REQUIRED WORK: Exact reproduction, images excluded: write out the records below.

[PROVIDED DATA — start]

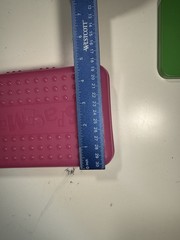 VTG Classic Spacemaker Pencil Box Pink & Clear Made In USA Case Newell 1990s
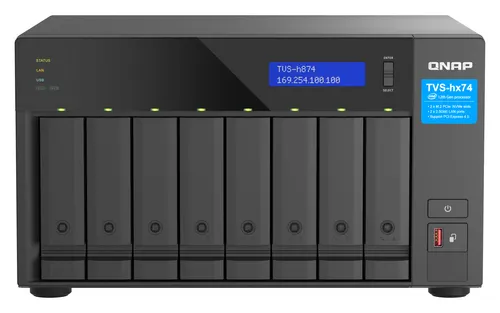QNAP TVS-H874T-I7-32G serwer danych NAS Tower Intel® Core™ i7 32 GB DDR4 0 TB QNAP QTS Czarny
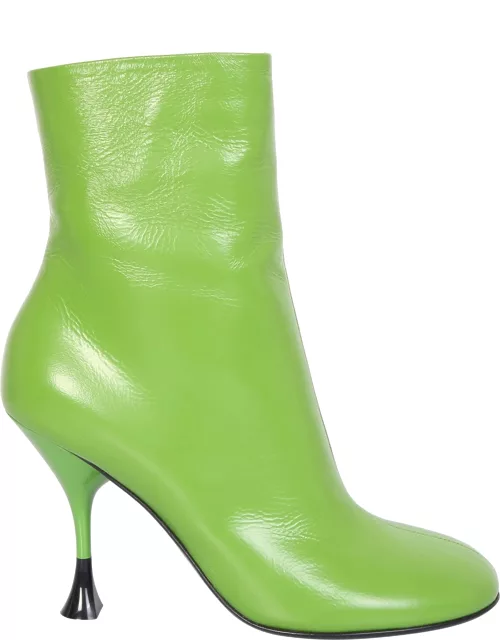 3JUIN Green Lidia Ankle Boot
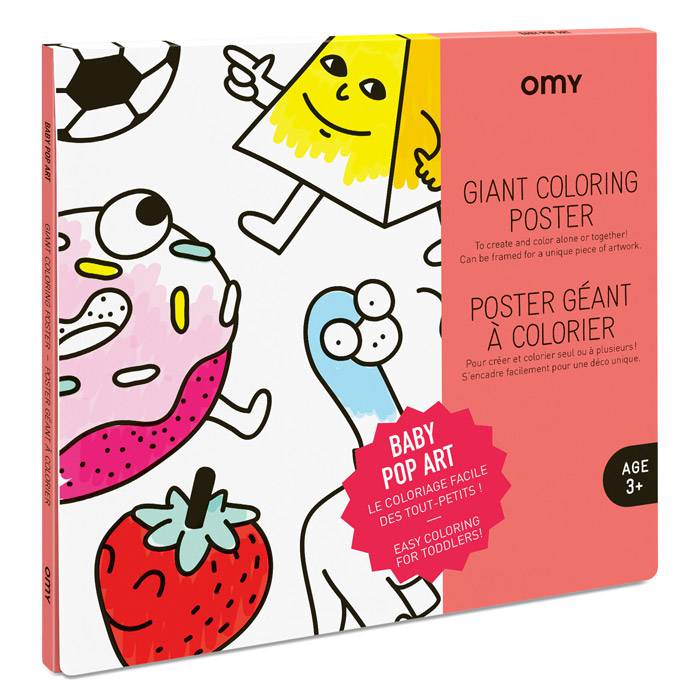 OMY - Poster à colorier - Pop OMY - Poster à colorier - Pop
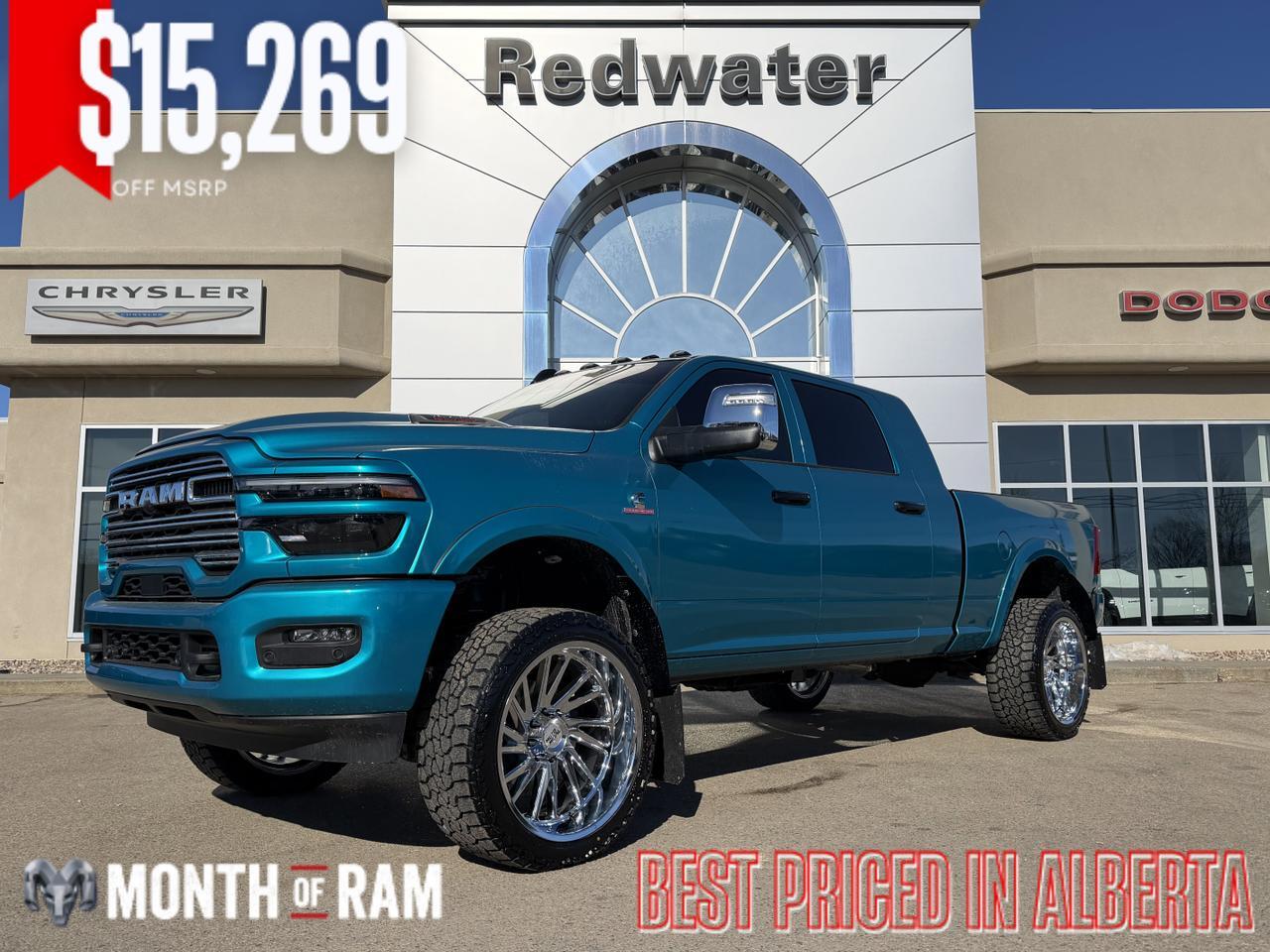 2026 Ram 3500 Laramie Mega Cab 4x4 | Rig Ready Ram | BLUDACRIS | 24" Rim's | Custom Wrap | 3" Lift | Rock Lights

[PROVIDED DATA — finish]

ANSWER FOR THIS EXERCISE:
 VTG Classic Spacemaker Pencil Box Pink & Clear Made In USA Case Newell 1990s
QNAP TVS-H874T-I7-32G serwer danych NAS Tower Intel® Core™ i7 32 GB DDR4 0 TB QNAP QTS Czarny
 3JUIN Green Lidia Ankle Boot
 OMY - Poster à colorier - Pop OMY - Poster à colorier - Pop
 2026 Ram 3500 Laramie Mega Cab 4x4 | Rig Ready Ram | BLUDACRIS | 24" Rim's | Custom Wrap | 3" Lift | Rock Lights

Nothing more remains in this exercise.